● **Description of the task**: Copy out each line below verbatim, skipping any picture.

Pictures with short captions
+-------+

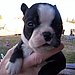 Our Gracie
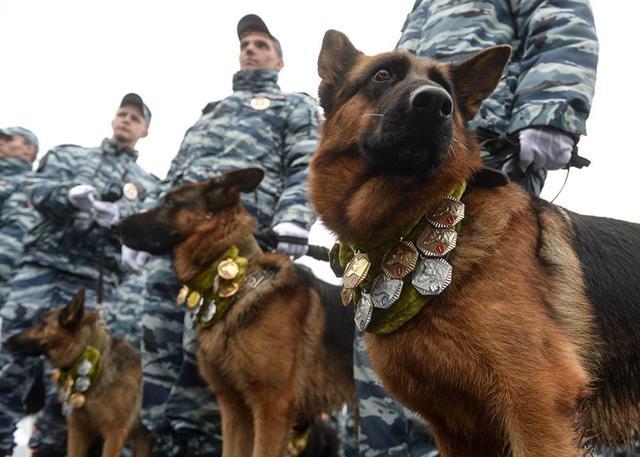 广州法国斗牛犬价格:平时养的狗，哪些是价格偏贵的呢？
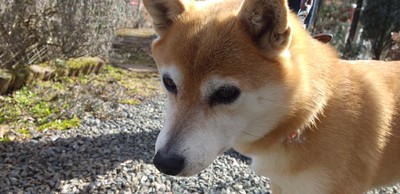 かわいいお客様^^ かわいいお客様^^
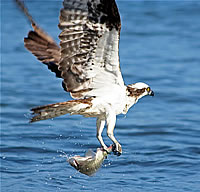  Osprey - photograph by Don Bruschera  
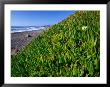 Succulents Along The San Simeon Coastline, San Simeon, California, Usa by Brent Winebrenner Limited Edition Print
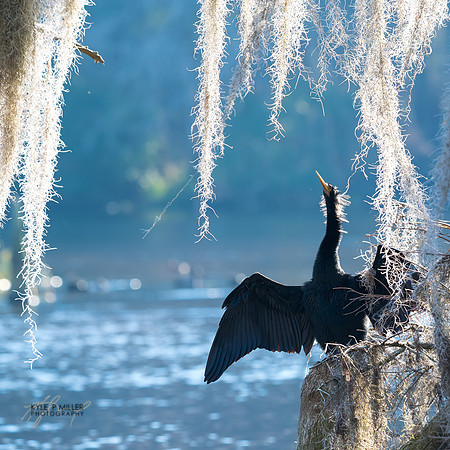 Anhinga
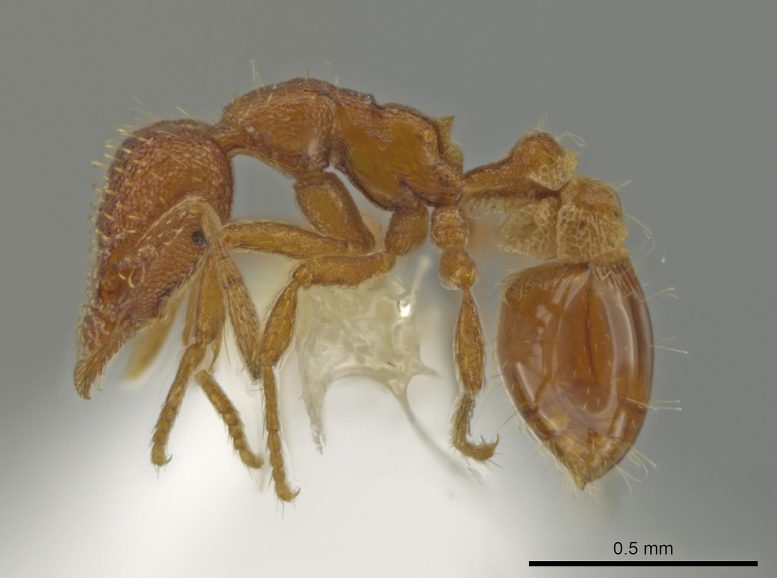 在命运的扭曲中，蚂蚁专家在他自己的后院中发现了不同的新物种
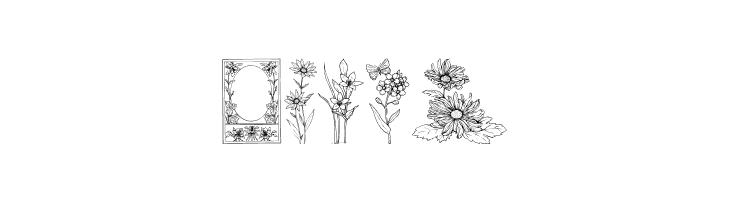 Floral Design  Free Fonts Download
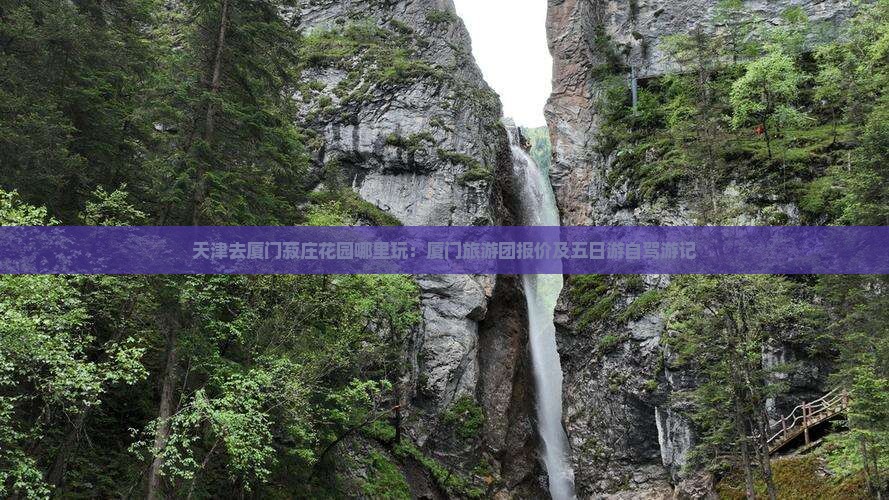 天津去厦门菽庄花园哪里玩：厦门旅游团报价及五日游自驾游记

+-------+

● **Problem solution**:
 Our Gracie
 广州法国斗牛犬价格:平时养的狗，哪些是价格偏贵的呢？
 かわいいお客様^^ かわいいお客様^^
  Osprey - photograph by Don Bruschera  
 Succulents Along The San Simeon Coastline, San Simeon, California, Usa by Brent Winebrenner Limited Edition Print
 Anhinga
 在命运的扭曲中，蚂蚁专家在他自己的后院中发现了不同的新物种
 Floral Design  Free Fonts Download
 天津去厦门菽庄花园哪里玩：厦门旅游团报价及五日游自驾游记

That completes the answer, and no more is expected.